EXERCISE INSTRUCTIONS: Would you transcribe the records below from the line with "Kontorslandskap med utsikt mot innergården Kontorslandskap" to the line with "Immergere a mano", ends included, exactly and with nothing more, leaving the pictures out?

━━━━━━━━━━━━━━━━━━━━

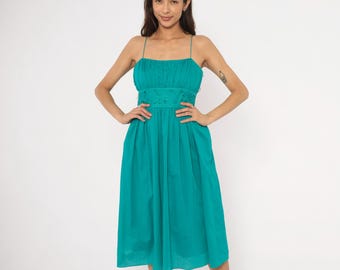 Vestido veraniego de verano de los 90, color verde azulado, con bordados y aberturas, de Jessica Howard, de algodón, estilo midi, con estampado floral y detalles en turquesa y aguamarina. Ideal para vacaciones en la playa. Talla S.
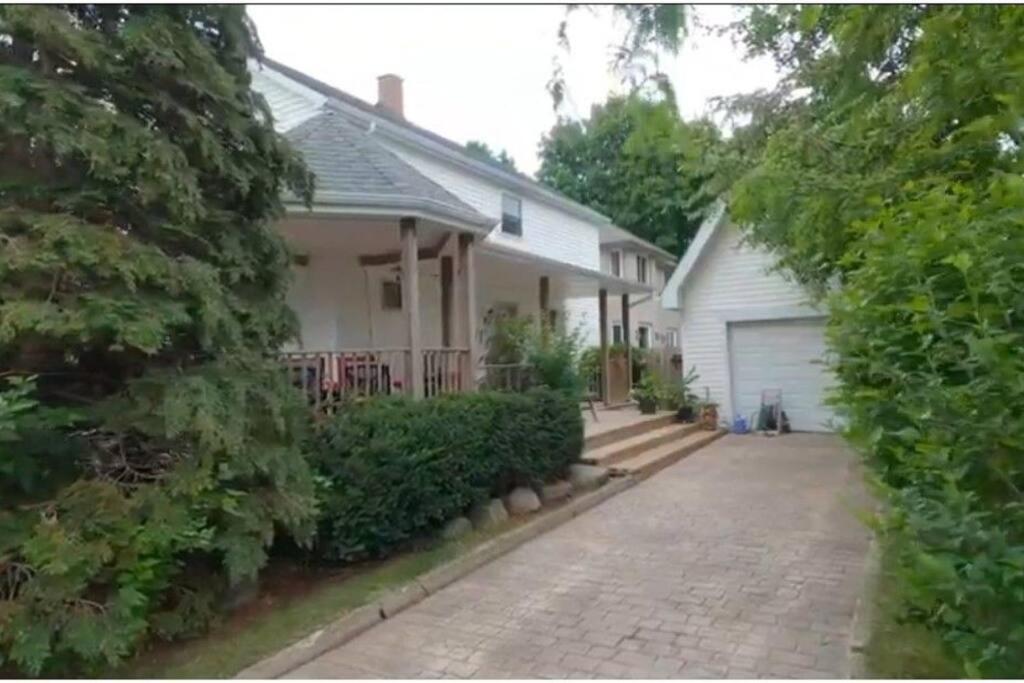 Garden 2 Storey House Ниагарски водопад Екстериор снимка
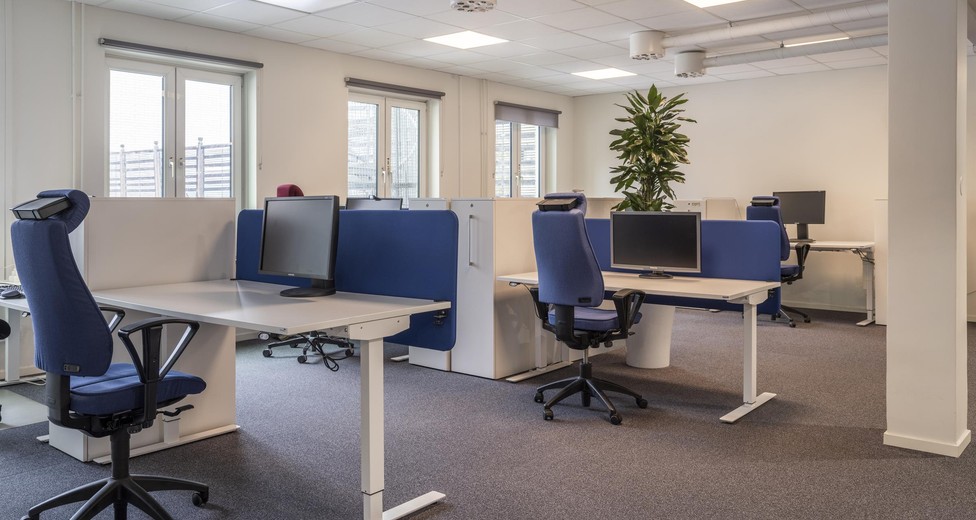 Kontorslandskap med utsikt mot innergården Kontorslandskap med utsikt mot innergården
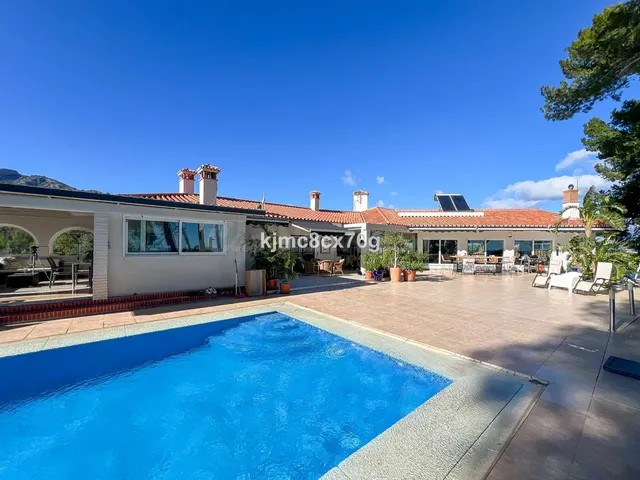 Chalet 7 habitaciones 915m² en venta - Centro — 2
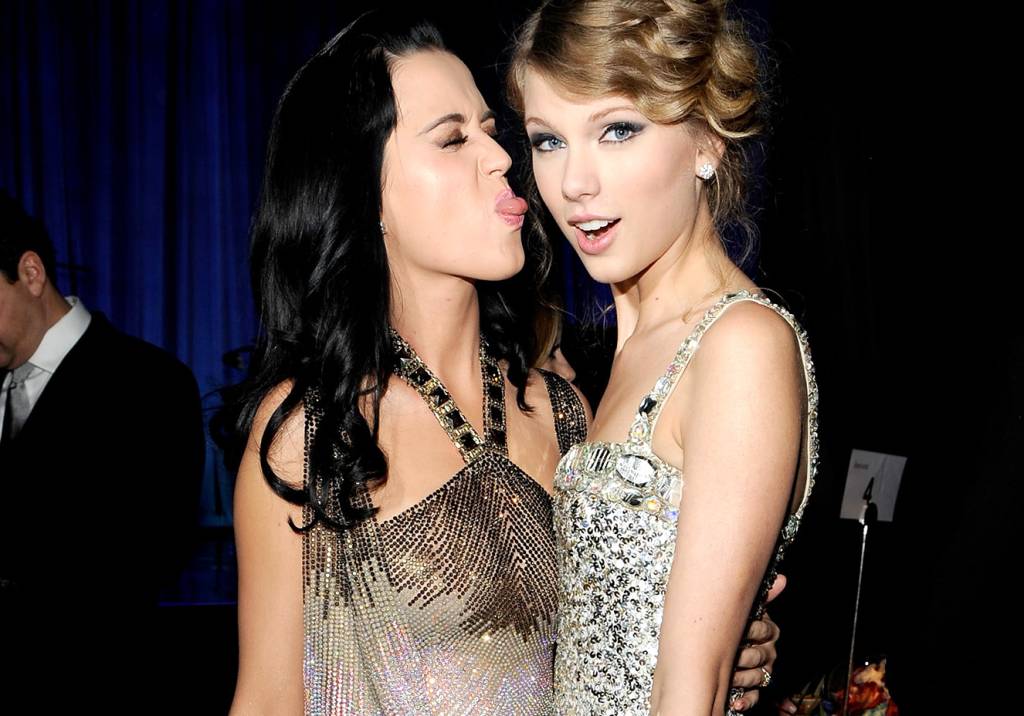 Então, a Katy Perry pediu perdão mesmo para Taylor Swift?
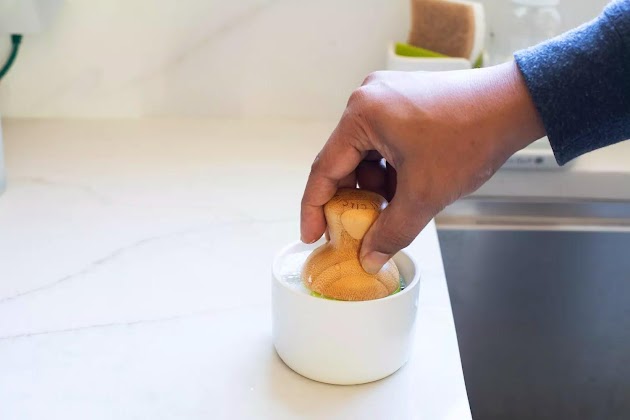 Immergere a mano Full Circle Bubble Up e Stash Caddy nel sapone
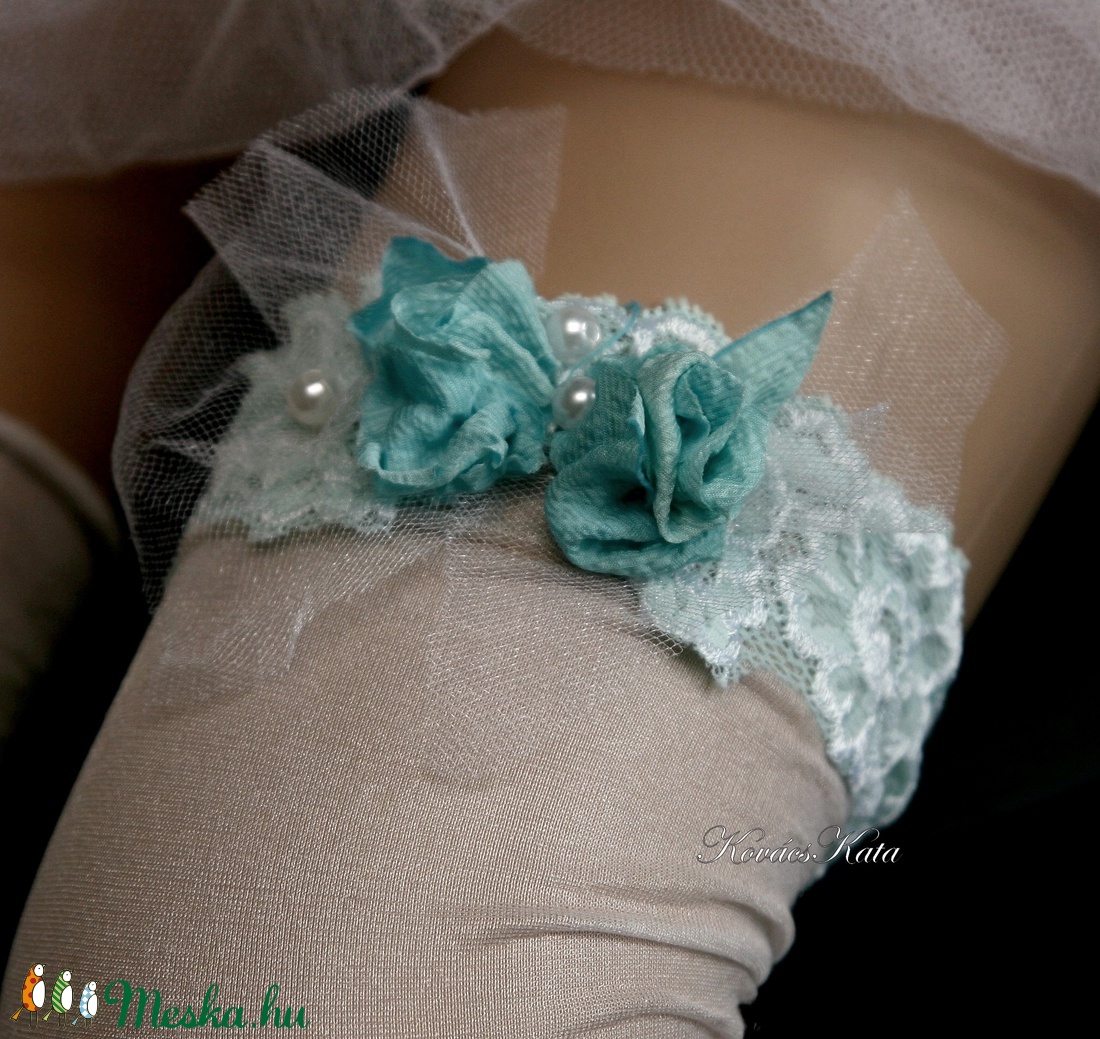 VALAMI KÉK - art to wear harisnyakötő S-M - esküvő - kiegészítők - harisnyatartó & valami kék - Meska.hu VALAMI KÉK - art to wear harisnyakötő S-M - esküvő - kiegészítők - harisnyatartó & valami kék - Meska.hu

━━━━━━━━━━━━━━━━━━━━

SOLUTION:
 Kontorslandskap med utsikt mot innergården Kontorslandskap med utsikt mot innergården
 Chalet 7 habitaciones 915m² en venta - Centro — 2
 Então, a Katy Perry pediu perdão mesmo para Taylor Swift?
 Immergere a mano Full Circle Bubble Up e Stash Caddy nel sapone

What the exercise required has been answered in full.